Driving Prosperity Through Technological Innovation

Building prosperity through scientific research, engineering expertise, and technological innovation. That was—and continues to be—the fundamental purpose of Alberta Innovates.

Canada’s first provincial research body, it was created in 1921 to support economic growth and improve life for rural and urban Albertans.

Back then, the organization was named the Scientific and Industrial Research Council of Alberta, and it was the first research council in Canada. Early projects were guided by a five-member advisory panel that included four APEGA engineering and geoscience professionals—Jean Cote, John Stirling, Norman Pitcher, PhD, and John Allan, PhD—with University of Alberta president Henry Marshall Tory as the chair.
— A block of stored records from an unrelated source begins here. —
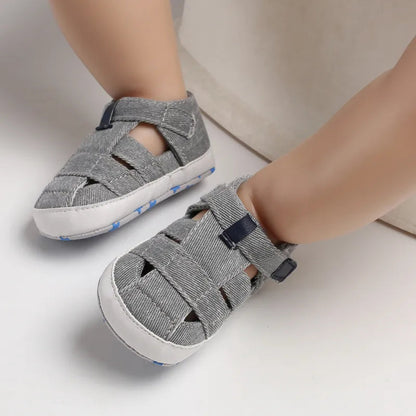 Fashionable Canvas Baby Shoes: Stylish First Walking Shoes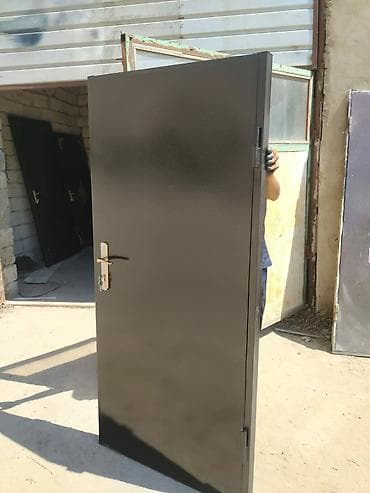 Seyf qapılar Münasib qapılar Dəmir qapı Ev qapıları Çol qapısı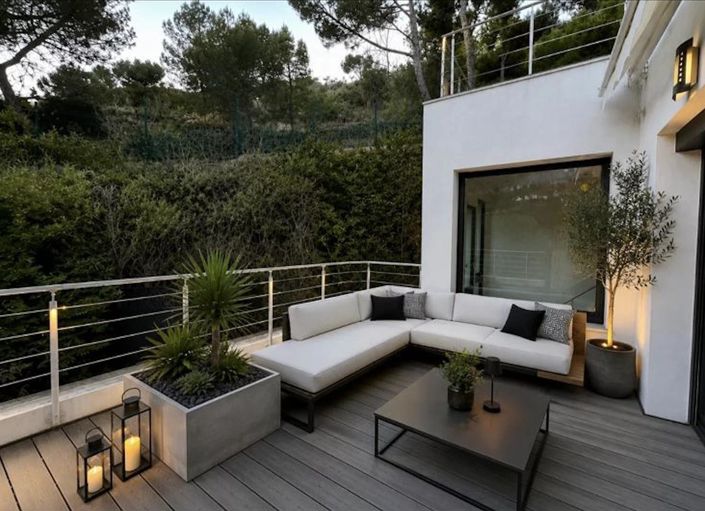 Image No.2-4 Bed House for sale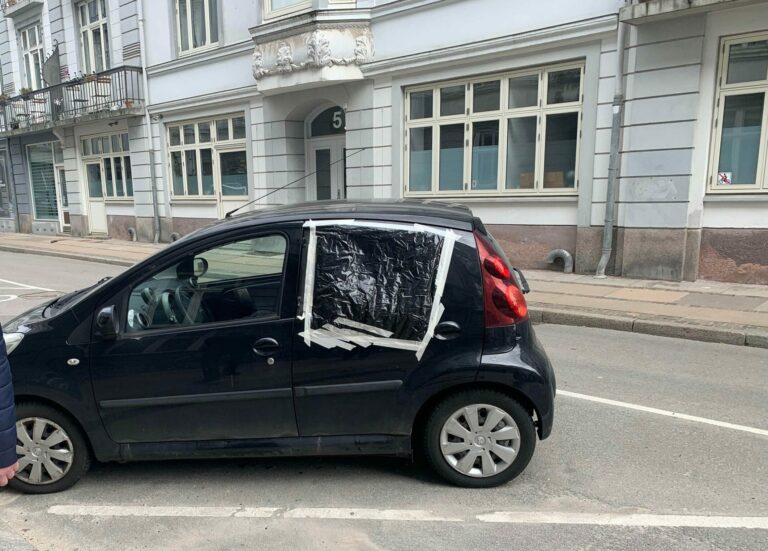 Bilhærværk fortsætter på Vesterbro: 22-årig anholdt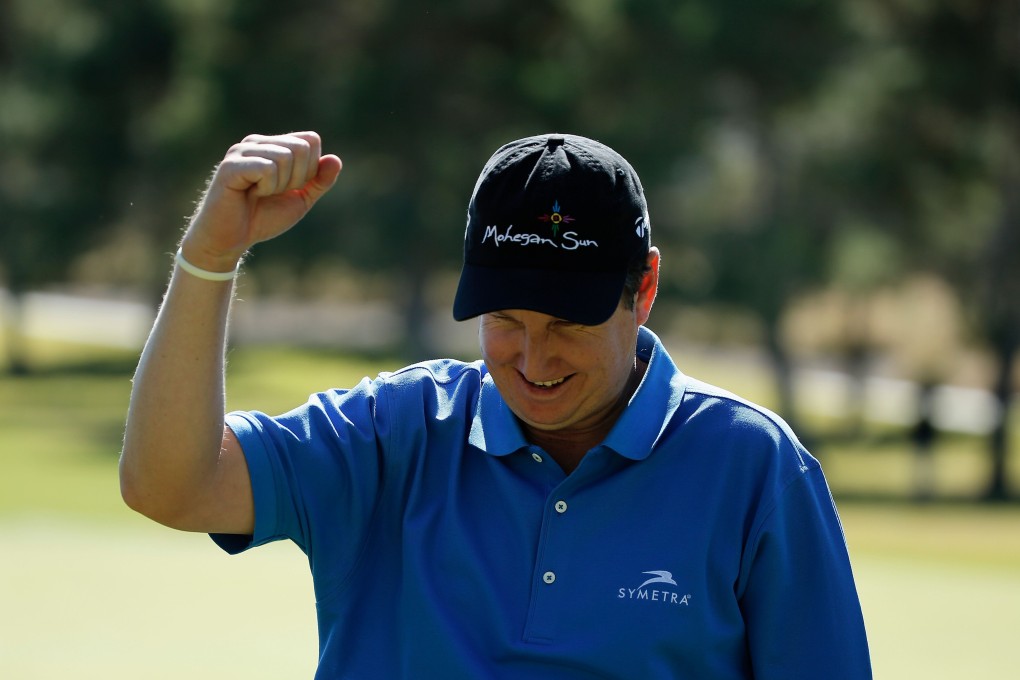 J.J. Henry waves to the gallery after finishing with an 11-under-par 60 at the US PGA event in Las Vegas. Photo: AFP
Dr. Allan, a geologist, conducted the first mapping of Alberta’s mineral and energy resources.

Much of the council’s initial research focused on coal and oil sands development. Professor Edgar Stansfield, a chemical engineer, explored new markets for coal. Karl Clark, PhD, P.Eng.—a chemist as well as an APEGA member—investigated the use of oil sands for paving.


The council’s work halted in the 1930s because of the Great Depression, but it resumed in 1942. Soon came one its most noted achievements: construction of the Bitumount pilot plant in 1944, where Clark pioneered hot water extraction methods.

Clark’s Bitumount work would eventually lead to the commercialization of Fort McMurray’s oil sands deposits.

As the province evolved, the council adapted its programs to address the issues of the day. Through the 1950s and beyond, researchers were called upon to study everything from water fluoridation to weather modification to the feasibility of smelting iron ore deposits near Peace River. Solar and wind energy were studied in the 1970s. In the mid-1980s, an electronics test centre and biotechnology pilot plant opened, followed by an engineered wood composites plant.

With nearly a century of achievements to its credit, Alberta Innovates continues today to be committed to solving industrial challenges and driving new ideas forward through targeted funding programs and collaborations with industry, government, and academia.

Areas of focus include clean energy, agriculture, forestry, food production, healthcare, and artificial intelligence.

Just like they were in the beginning, geoscientists and engineers are leading the organization—and Alberta—to success.


A scientist with the council conducts infrared gas testing in 1961.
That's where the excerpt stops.